Ion-dipole interactions and their functions in proteins

Abstract

Ion-dipole interactions in biological macromolecules are formed between atomic or molecular ions and neutral protein dipolar groups through either hydrogen bond or coordination. Since their discovery 30 years ago, these interactions have proven to be a frequent occurrence in protein structures, appearing in everything from transporters and ion channels to enzyme active sites to protein-protein interfaces. However, their significance and roles in protein functions are largely underappreciated. We performed PDB data mining to identify a sampling of proteins that possess these interactions. In this review, we will define the ion-dipole interaction and discuss several prominent examples of their functional roles in nature.

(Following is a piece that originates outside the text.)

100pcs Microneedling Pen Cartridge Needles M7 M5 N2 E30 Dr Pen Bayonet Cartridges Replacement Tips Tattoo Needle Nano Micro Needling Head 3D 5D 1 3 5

Keywords: ABC transport receptors; AP180; IMP dehydrogenase; Ion-dipole interaction; SNARE; ion channel; phage tail proteins; serine protease.

Figure 1

Salmonella typhimurium SBP-sulfate complex X-ray structure (PDB ID 1sbp). (A) SBP sulfate-binding site. Dashed lines represent ion–dipole interactions via hydrogen bonds, and cooperative hydrogen bonds are colored purple. Carbons are colored green; nitrogen, blue; oxygen, red; sulfur, gold. (B) Helix N-termini in the sulfate-binding site, each providing a main chain NH dipole.

Figure 2

Streptomyces lividans KcsA potassium channel X-ray structure (PDB ID 1bl8) potassium site S4. Dashed lines represent ion–dipole interactions via coordination, and cooperative hydrogen bonds are colored green. Oxygens are colored red; nitrogens, blue; and potassium, purple. Different chain carbons are colored as different shades of orange and labeled with primes.

Figure 3

Porcine pancreatic elastase complexed with a peptidyl inhibitor FR130180 neutron structure (PDB ID 3hgn) oxyanion hole. Hydrogenated protein was crystallized in a precipitant solution prepared in D₂O, which caused the exchangeable hydrogens to be replaced with deuteriums prior to neutron diffraction. The Ser and Gly stabilize the charged catalytic intermediate. Dashed lines represent ion–dipole interactions. Protein carbons are colored tan; FR130180 carbons, green; nitrogen, dark blue; oxygen, red; hydrogens, white; and deuteriums, light cyan.

Figure 4

Vibrio cholerae inosine 5′-monophosphate (IMP) dehydrogenase X-ray structure. (A) IMP dehydrogenase potassium-binding site (PDB ID 4qne). Dashed lines represent ion dipole via coordination. Protein carbons are colored pink; symmetry-related carbons, gray; nitrogen, blue; oxygen, red; sulfur, yellow; phosphorus, orange; and potassium, purple. Symmetry-related residues are labeled with primes. (B) Potassium-bound superposed on apo-IMP dehydrogenase (colored cyan, PDB ID 4qq3). Areas structured upon K⁺ binding noted with red circles.

Figure 5

(A) Rattus norvegicus SNARE complex X-ray structure (PDB ID 1sfc). The synaptobrevin Arg interacts with Glns from syntaxin and the N- and C-terminal segments of synaptosome-associated protein of relative molecular mass 25 kDa (SNAP 25). Dashed lines represent ion–dipoles. Syntaxin carbons are colored dark blue; synaptobrevin carbons, red; SNAP 25 carbons, orange; nitrogen, blue; and oxygen, red. (B) Drosophila melanogaster AP180 X-ray structure (PDB ID 1sfc). The Lys stabilizes the active site loop, maintaining an active conformation. Carbons are colored green; nitrogen, blue; and oxygen, red.

Figure 6

Enterobacteria phage P22 tail needle protein gp26 X-ray structure (PDB ID 3c9i) showing ion–dipole interactions by way of calcium (A) and chloride (B) coordination. Dashed lines represent ion–dipole interactions. (A) Calcium-binding site. Oxygens are colored red; nitrogens, blue; and calcium, purple. Different chain carbons are colored as different shades of gray and labeled with primes. (B) Chlorine-binding site. The protein is labeled and colored as in (A), and chlorine is colored green.